» **EXERCISE DESCRIPTION**
All lines from the one that contains "Sanrio 1 pieza" to the end of the data must be retyped exactly. Pictures are not retyped.

» **SOURCE MATERIAL**
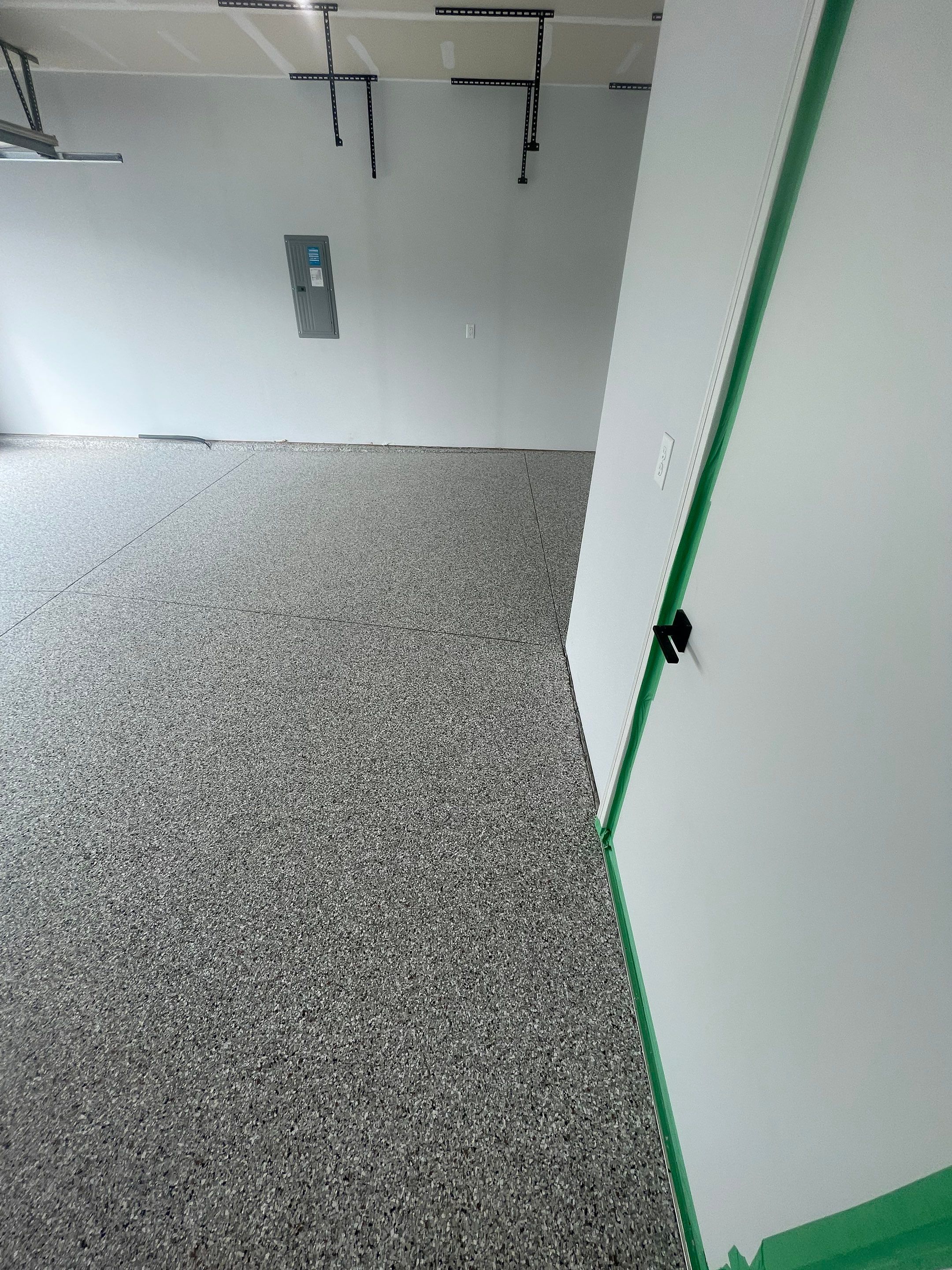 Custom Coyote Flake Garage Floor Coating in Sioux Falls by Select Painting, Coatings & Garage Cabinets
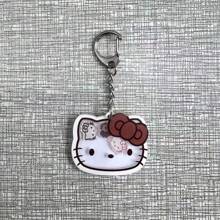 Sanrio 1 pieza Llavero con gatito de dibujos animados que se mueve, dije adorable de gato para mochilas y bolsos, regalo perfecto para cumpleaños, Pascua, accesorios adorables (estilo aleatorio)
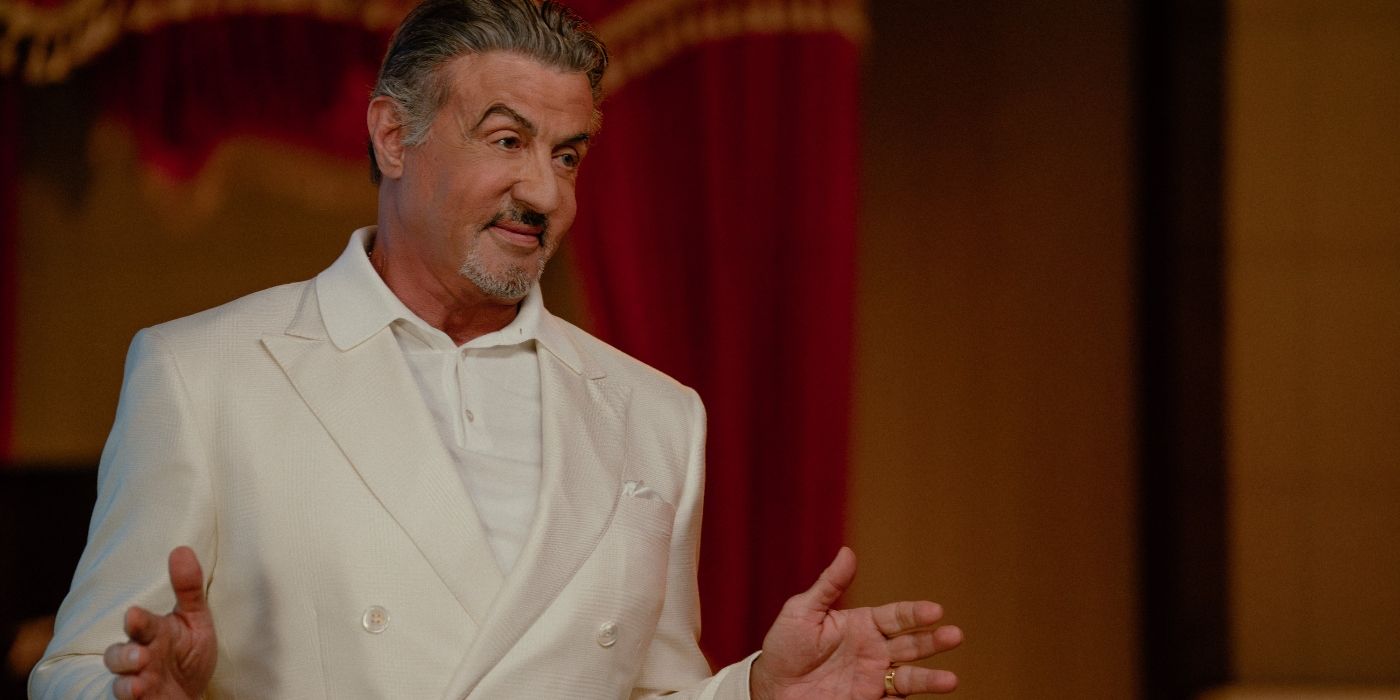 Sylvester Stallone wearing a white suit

» **THE ANSWER**
 Sanrio 1 pieza Llavero con gatito de dibujos animados que se mueve, dije adorable de gato para mochilas y bolsos, regalo perfecto para cumpleaños, Pascua, accesorios adorables (estilo aleatorio)
 Sylvester Stallone wearing a white suit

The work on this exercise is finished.